Eine Leseecke weiter sitzt Gil Savannah Neyou tief über ihr Buch gebeugt und scheint fast darin zu verschwinden, während sie vorliest. „Temps de chien“, auf Deutsch „Hundezeiten“. Geschrieben hat es Patrice Nganang, der wie Neyou aus Kamerun kommt. Die 33-Jährige liest auf Französisch, mit afrikanischem Akzent. Manchmal hebt sie die Stimme so stark, das es so klingt, als würde sie hicksen. Die Frauen, die im Kreis um Neyou sitzen, hören gespannt zu – vor allem auch dann, als Anja Jenal vom Pädagoginnentreff die deutsche Zusammenfassung des Buchs vorliest.

Schnell, aber behutsam tauchen die Zuhörerinnen mit Fragen, Nicken, verdutztem Kopfschütteln erst in die Kultur Kameruns und dann in Neyous Welt ein. 2007 floh die junge Frau mit einem Pfarrer nach Deutschland. Wohin die Reise ging, wusste sie unterwegs nicht. In Kamerun hatte sie sich während ihres Marketing-Studiums, zu dem der Vater sie gezwungen hatte, gegen die Beschneidung von Frauen eingesetzt. Sie bekam Briefe von der Regierung, dies zu unterlassen. Eine von Neyous Freundinnen wurde umgebracht, weil sie die Beschneidung ihrer fünfjährigen Tochter verhindern wollte. Neyou schaffte den Absprung. In Deutschland wartete sie fünf Jahre lang auf ihre Anerkennung. Während dieser Zeit konnte sie keine Sprachkurse belegen, geschweige denn arbeiten, allenfalls essen und schlafen. Erst zwei Jahre nach ihrer Flucht gelang es der Kamerunerin, ihre Mutter in der Heimat zu kontaktieren – und das, obwohl die Mutter es ist, die Neyou hier am meisten vermisst.
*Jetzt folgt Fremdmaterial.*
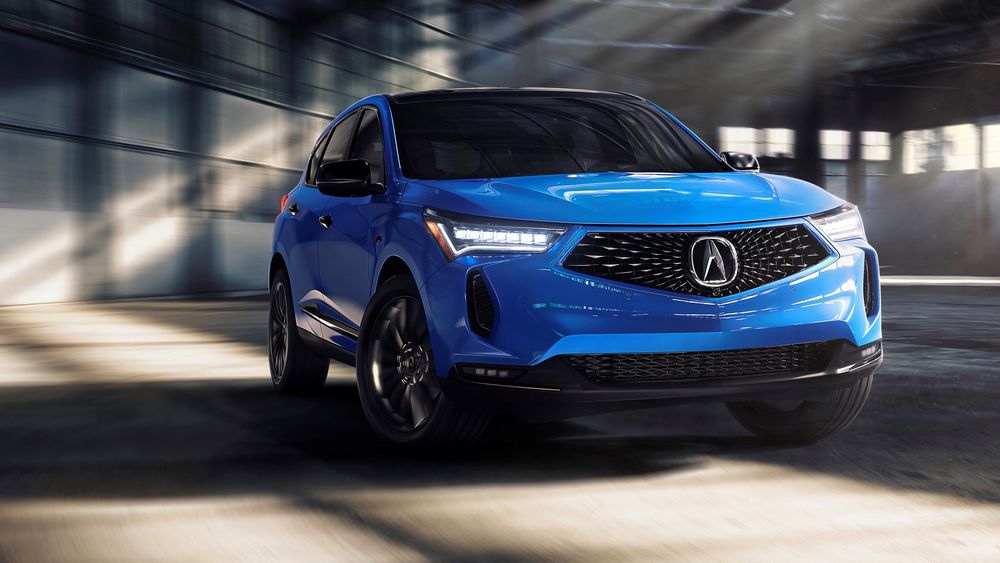 2024 Acura RDX exterior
„Die Literatur ist manchmal nur der Einstieg für kulturelle und persönliche Themen“, erklärt Sabine Stoll, Mitorganisatorin der Lesenacht. Sie freut sich, dass sowohl Stammgäste als auch neue Zuhörerinnen anlockt werden, in diesem Jahr auch viele junge. Außerdem passe die Auseinandersetzung mit anderen Kulturen gut in die derzeitige gesellschaftliche Situation: „Hier finden auch Frauen einen Platz, die inzwischen sehr gut integriert sind.“ Dies ist auch bei den anderen beiden Leserinnen der Fall. Die Brasilianerin Kelly Colen, Mutter von vier Kindern, heizt den Zuhörerinnen mit Texten über die brasilianischen Tänze Samba und Forró ein. Sozialer Kontakt ist ihr besonders wichtig, darum freut sie sich, dabei zu sein. Samira Durmus, 28 Jahre alt, arbeitet als Dolmetscherin für kurdische Frauen. Sie ist beeindruckt vom Lebenswillen der Kurdinnen, die durch IS-Angriffe im Irak teilweise ihre kompletten Familien verloren haben und sich nun in Deutschland zurechtfinden müssen. Diesen Frauen die deutsche Kultur beizubringen, sei teilweise sehr schwer.